::: COLLECTED DATA :::

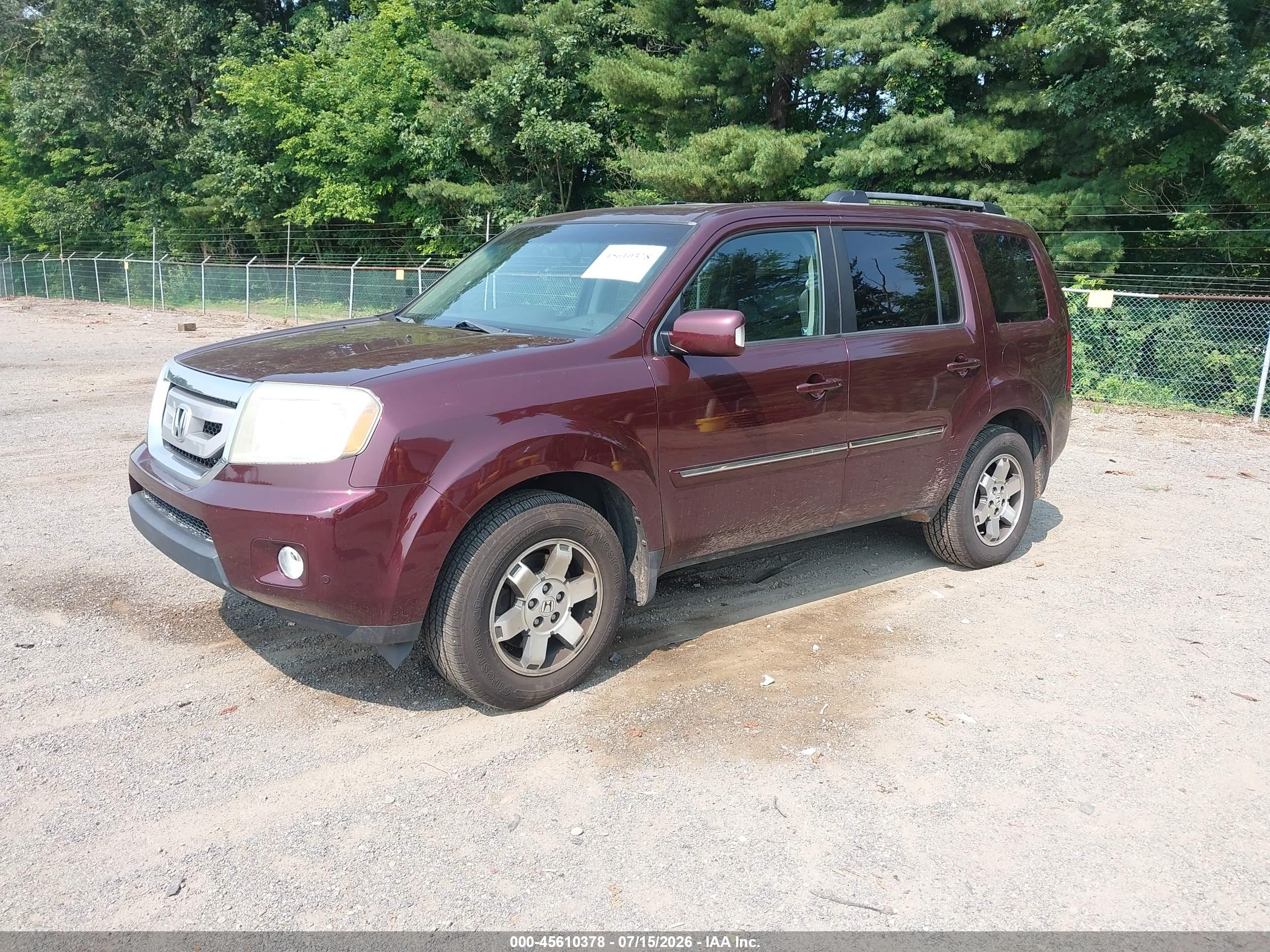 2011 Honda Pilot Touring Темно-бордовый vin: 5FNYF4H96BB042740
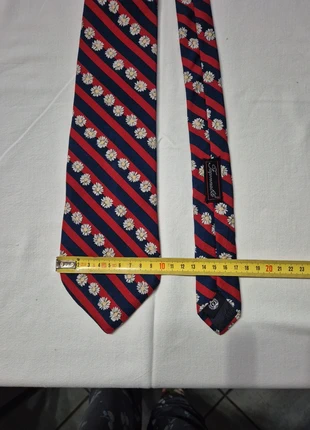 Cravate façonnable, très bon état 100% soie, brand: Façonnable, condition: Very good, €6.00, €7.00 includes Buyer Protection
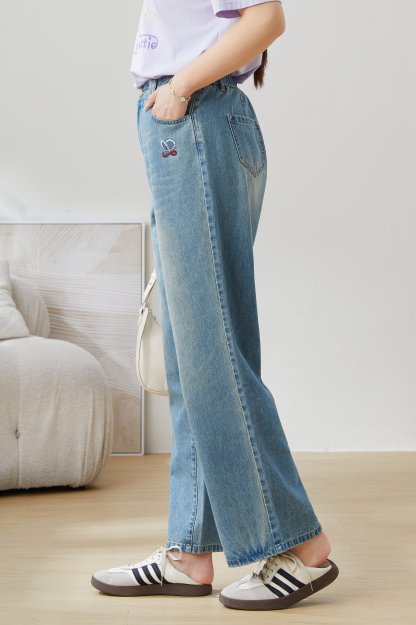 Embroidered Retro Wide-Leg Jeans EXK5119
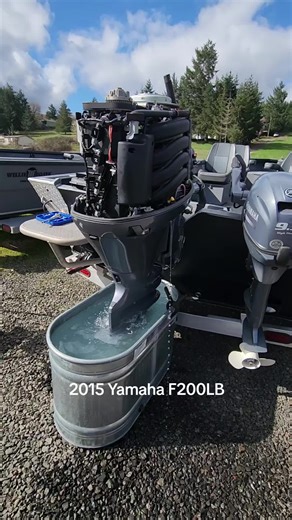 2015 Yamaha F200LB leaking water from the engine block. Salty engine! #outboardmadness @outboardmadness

:::

__WORK TO COMPLETE__
Leave the pictures out and output the rest of the listing exactly.

__ANSWER TO THIS PROBLEM__
 2011 Honda Pilot Touring Темно-бордовый vin: 5FNYF4H96BB042740
 Cravate façonnable, très bon état 100% soie, brand: Façonnable, condition: Very good, €6.00, €7.00 includes Buyer Protection
 Embroidered Retro Wide-Leg Jeans EXK5119
 2015 Yamaha F200LB leaking water from the engine block. Salty engine! #outboardmadness @outboardmadness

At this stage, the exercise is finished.